Bernie Ecclestone © XPB
AP: "What I made very clear in the book is that there were aspects of what was being proposed for 2013 that I did not consider acceptable. Those are both financial and non-financial."
GV: Money and governance...
AP: "And rules..."
GV: Governance and rules are due to change, but the money remains essentially the same...
AP: "Yes. Again, in the book I record the fact that Bernie promised Frank the team would be no worse off in 2013 than in 2012 and I've got no reason to believe it wasn't honoured. But that doesn't mean what was given to others was not unfair."
GV: One of the teams [Marussia] hasn't got anything [as yet]...
AP: "Yeah, I find that very, very surprising. I don't understand that."
GV: Should F1 have more than 10 teams?
AP: "It has more than 10 teams..."
GV: The CRH recently told Reuters he only wanted 10...
AP: "I'm going to put my neck out a bit here and say that if the Formula One Group refuses to make an offer to a team that is competing in the sport, without any basis at all for doing that, and forces them affirmatively into administration and causes the loss of jobs for people in that team, then to me it's absolutely, categorically, an abuse of a dominant position. It's also wrong, just wrong."
His point made, we move on to proposed 2013-20 governance changes, more particularly that a trio of teams - so-called Championship Constructor's Bonus teams - will hold sway over team input into F1's future rule, and regulation-making procedures. This column covered the topic in-depth here.
"I think it's really simple," says Parr. "In F1 the rules, and the way the rules change and when they change, is absolutely fundamental to the relative competitiveness of the participants. Therefore every team must have the right to participate equally in the rule-making process.
Parr with Frank Williams © LAT
"The reason for that is that if one team is excluded then, at the very least, they have less knowledge about what is going to happen, or might happen, and therefore they are less able to prepare for the future. Any inside information on that is potentially of great value; therefore I think all the teams have to participate equally in the decision-making process and, by the way, there is no rational reason why they shouldn't."
According to sources, though, the three plus seven others signed up to the revised governance structure, accepted it as part of the commercial (not Concorde) agreement they have with the CRH.
"You talked about the role of the F1 Commission.

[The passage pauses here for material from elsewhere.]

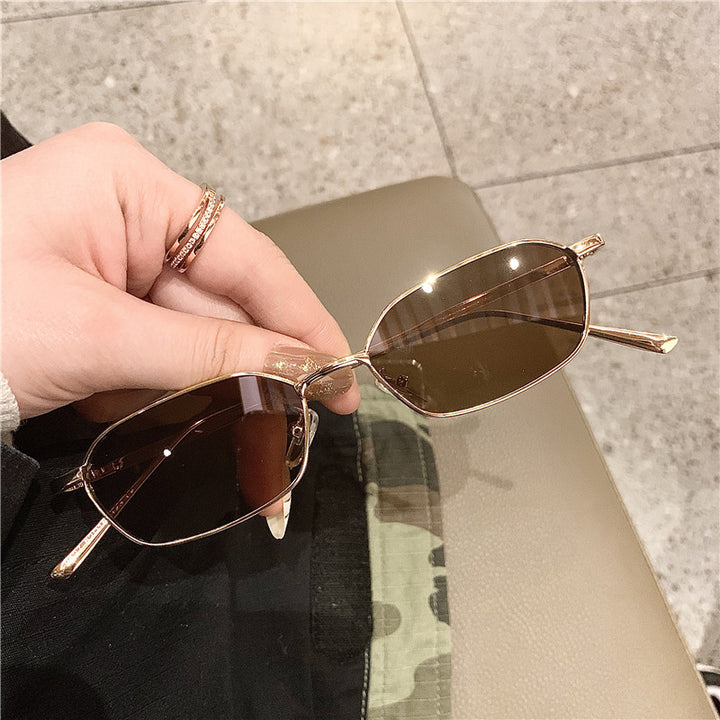 Dame geometrisk solbrille i minimalistisk design Luvikno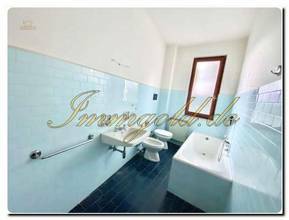 Thumbnail von Immogold räumiges Einfamilienhaus in ruhiger und sonniger Lage zum renovieren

That's only half of the story at most," he clarifies, "because rules are made in the Technical Working Group and the Sporting Working Group, and all teams always participated in those.
"There's an argument that 'if we have too many teams anyone can veto everything'. Well the answer is, first of all there's a specific mechanism that up until whenever it is [30 June], decisions are by majority, not unanimous.
"And the second thing is, it's not the lower-ranked teams that usually cause the problems, it's usually, to be honest, one of the two/three top teams that has a very strong position on something. My point is: there's no practical reason why all teams can't be involved, and there's a great deal of logic why they all should be involved equally in making rules."
Time running out on us, I ask one last question: back in 2010, having been appointed chairman of Williams, Parr granted this column an interview in which he stated he hoped to spend his working life with Williams, but if he ever left the company, he would leave F1. Is that still the case?
"I would never, ever work for a team that competes against Williams," he shoots back. "There are people in F1 that I like enormously, Tony Fernandes, Graeme Lowdon... there are people like Tony and Graeme who I have a lot of respect for as businessmen and as people, who I would love to work with in the future. But I wouldn't work for an F1 team competing against Williams."
Which implies he may return to the paddock at some stage...
"Right now I can't imagine being in the paddock or having any involvement with Formula 1 in the future."
* The Art of War is available in hardback (printed in association with F1 Racing) in English, and as an e-book in English, German, French, Spanish, Portuguese, Japanese and Italian via Amazon. A Russian edition is currently in production.
** Excerpt from Mosley's foreword: "Adam came into Formula 1 knowing no more about it than any other intelligent enthusiast, but he came in as an experienced and highly qualified manager. In five years he transformed the fortunes of Williams, a great but struggling team, and made it profitable to the point of a stock exchange floatation."
But he couldn't change the culture of Formula 1.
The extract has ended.